Si le ministre de l'Intérieur a nié dans différents médias toute volonté de « créer un délit d'opinion » ou une surveillance de masse, c’est bien la dynamique à l’œuvre que l’on observe avec ces trois décrets, mais aussi la proposition de loi sécurité globale qui prépare l’industrialisation de la surveillance de masse.

C’est un désaveu pour les défenseurs des libertés publiques : le Conseil d’Etat a approuvé lundi les trois décrets permettant le fichage des citoyens mais aussi des personnes morales, donc les associations et les organisations professionnelles, selon leurs activités et opinions politiques et religieuses, appartenances syndicales ou données de santé comme des troubles psychologiques et psychiatriques. Fait notable, les trois décrets permettent également à la police d’inscrire sur ces fiches les propos tenus sur les réseaux sociaux. Les détracteurs des trois décrets accusent le gouvernement de poser la nouvelle pierre d’une dérive autoritaire liberticide, et de transformer chaque citoyen en un suspect à surveiller.

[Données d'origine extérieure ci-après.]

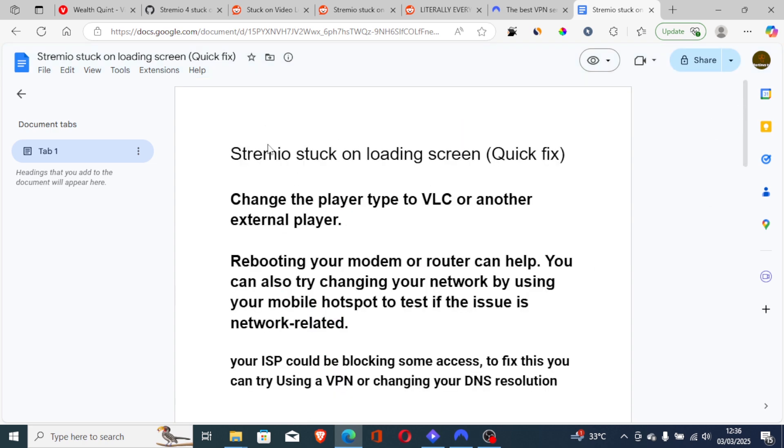This is the best guide on how to fix Stremio stuck on loading screen. If this tutorial has helped you, let me know in the comment section and see you next time.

Fichage pour opinion politique et religieuse

Le 2 décembre 2020, trois décrets modifiant le Code de la sécurité intérieure sur le traitement des données personnelles ont provoqué les foudres et les inquiétudes de nombreux défenseurs des droits humains mais aussi d’organisations syndicales.

Déjà entrés en application depuis ce 5 décembre, ces trois décrets viennent officiellement renforcer le contrôle sur le risque d’atteinte « à la sureté de l’État ». Un terme flou qui sera laissé à la libre appréciation des agents chargés de récolter les données sur les opposants politiques et les associations.

Les décrets autorisent notamment les forces de l’ordre à ficher les « opinions politiques », les « convictions philosophiques et religieuses » et « l’appartenance syndicale », alors que les précédents textes se limitaient à recenser leurs « activités ». De plus, identifiants, photos et commentaires sur les réseaux sociaux y seront également annotés, comme les troubles psychiatriques.

Dans le détail, les décrets portent sur trois fichiers : le Pasp (prévention des atteintes à la sécurité publique) de la police ; le Gipasp (gestion de l’information et prévention des atteintes à la sécurité publique) des gendarmes et l’EASP (enquêtes administratives liées à la sécurité publique) utilisé avant le recrutement de fonctionnaires sur des postes sensibles.

Pour avoir un ordre de grandeur, début novembre, 60.686 personnes étaient inscrites au Pasp, 67.000 au Gipasp et 221.711 à l’EASP, selon le ministère de l’Intérieur. Alors qu’ils visaient auparavant les hooligans et manifestants violents, ces fichiers recenseront désormais les données des personnes soupçonnées d’activités terroristes ou susceptibles « de porter atteinte à l’intégrité du territoire ou des institutions de la République ».

Cette tournure de phrase laissant la place à une vaste interprétation, les défenseurs des droits humains voient les trois décrets comme la continuité d’une dérive autoritaire à l’œuvre sous le gouvernement Macron. Cette dérive s’est accentuée avec le nouveau « schéma national du maintien de l’ordre », publié par le ministère de l’Intérieur, qui vise à limiter, contrôler et sanctionner les manifestations beaucoup plus drastiquement.

Quelques mois après, le projet de loi sécurité globale a rencontré une mobilisation très forte de la part d’une grande partie de la population, y compris des organes de presse concernant l’interdiction de diffuser la vidéo d’agent(s) de police dans le cas où cette diffusion porterait « atteinte à son intégrité psychique ou physique ».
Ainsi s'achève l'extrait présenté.